Внизу, в круге, шейх первым делает три шага, оглядывается на цепочку дервишей и глубоким поклоном приветствует старейшего, который стоит во главе своих подопечных. Тот сразу же кланяется в ответ. Шейх шагает обратно вместе со стариком, который держится на строго определенном расстоянии. Шествие продолжается; шейх идет вперед, в то время как старец поворачивается к шагающему следом, чтобы поклониться ему точно так же, как склонялся перед старцем шейх. Каждый дервиш, один за другим, делает то же самое. В такт на четыре четверти ударных при беспорядочных наигрышах флейты церемония повторяется троекратно.
Затем музыка оживляется. Шейх и старец снова подходят друг к другу с поклонами. Они представляют собой врата, сквозь которые проходит каждый дервиш, целуя перед тем руки обоих "столпов". Минуя эти врата, дервиш, отделившись от грани круга, начинает медленно вращаться.
Флейта и скрипка уже не одиноки. Хриплые голоса стариков наверху усиливают хаос мелодий.
Дервиши, скрестив руки на плечах, по очереди проходят в узкие врата, затем наконец глубоко вздыхают и закрывают глаза.

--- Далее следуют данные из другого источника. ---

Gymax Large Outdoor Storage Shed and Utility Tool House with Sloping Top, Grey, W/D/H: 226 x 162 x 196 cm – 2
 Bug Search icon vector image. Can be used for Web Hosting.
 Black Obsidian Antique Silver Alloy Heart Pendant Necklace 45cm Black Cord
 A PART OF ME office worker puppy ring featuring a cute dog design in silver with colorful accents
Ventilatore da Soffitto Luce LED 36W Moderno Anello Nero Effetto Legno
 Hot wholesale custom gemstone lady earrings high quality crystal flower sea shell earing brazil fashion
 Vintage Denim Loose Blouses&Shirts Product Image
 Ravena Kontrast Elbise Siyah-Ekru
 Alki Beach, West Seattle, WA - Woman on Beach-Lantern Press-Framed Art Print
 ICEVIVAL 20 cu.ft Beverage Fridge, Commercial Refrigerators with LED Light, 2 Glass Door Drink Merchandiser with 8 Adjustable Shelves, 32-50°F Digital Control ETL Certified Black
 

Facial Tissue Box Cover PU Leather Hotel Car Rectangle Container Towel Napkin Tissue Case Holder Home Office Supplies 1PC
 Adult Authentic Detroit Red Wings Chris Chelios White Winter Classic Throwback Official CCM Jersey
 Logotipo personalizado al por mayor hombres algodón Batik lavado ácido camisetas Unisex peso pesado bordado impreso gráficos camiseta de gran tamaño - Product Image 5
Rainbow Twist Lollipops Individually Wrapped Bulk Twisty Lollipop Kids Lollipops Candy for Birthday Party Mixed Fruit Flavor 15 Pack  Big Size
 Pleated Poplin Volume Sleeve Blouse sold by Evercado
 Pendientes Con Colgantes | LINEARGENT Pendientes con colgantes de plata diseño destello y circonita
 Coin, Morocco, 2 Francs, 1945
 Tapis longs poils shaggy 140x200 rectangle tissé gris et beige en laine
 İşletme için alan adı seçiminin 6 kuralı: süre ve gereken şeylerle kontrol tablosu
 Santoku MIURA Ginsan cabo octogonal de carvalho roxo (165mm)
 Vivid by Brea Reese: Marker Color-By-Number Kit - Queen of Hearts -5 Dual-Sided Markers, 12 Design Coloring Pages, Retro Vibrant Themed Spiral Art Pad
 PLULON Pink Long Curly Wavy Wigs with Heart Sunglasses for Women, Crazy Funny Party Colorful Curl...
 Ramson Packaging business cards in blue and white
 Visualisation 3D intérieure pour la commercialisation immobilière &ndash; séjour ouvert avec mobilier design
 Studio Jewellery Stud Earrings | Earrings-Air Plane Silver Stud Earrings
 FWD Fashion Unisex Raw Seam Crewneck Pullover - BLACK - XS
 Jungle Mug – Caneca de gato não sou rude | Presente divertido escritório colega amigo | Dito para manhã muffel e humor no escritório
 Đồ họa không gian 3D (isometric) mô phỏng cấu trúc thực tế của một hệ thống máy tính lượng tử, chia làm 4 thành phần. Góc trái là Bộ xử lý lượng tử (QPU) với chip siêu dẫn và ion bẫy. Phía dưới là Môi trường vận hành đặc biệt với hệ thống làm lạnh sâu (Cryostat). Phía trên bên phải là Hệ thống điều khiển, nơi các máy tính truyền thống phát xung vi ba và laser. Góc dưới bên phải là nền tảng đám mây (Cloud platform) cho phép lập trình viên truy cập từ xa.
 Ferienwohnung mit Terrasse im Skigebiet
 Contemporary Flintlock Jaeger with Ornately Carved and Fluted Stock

Они поднимают к Аллаху правую руку с пустой, принимающей благословение, тарелкой, левую же, растопырив пальцы, опускают, как стрелку часов, к земле. Молния прилетает и улетает, не сжигая их. Так пронизывает нас небесная жизнь и божественная милость. То, что жадно принимает тянущаяся вверх правая рука, левая, направленная вниз, должна заплатить смерти. Экстатическое Я - не более чем медиум божественного.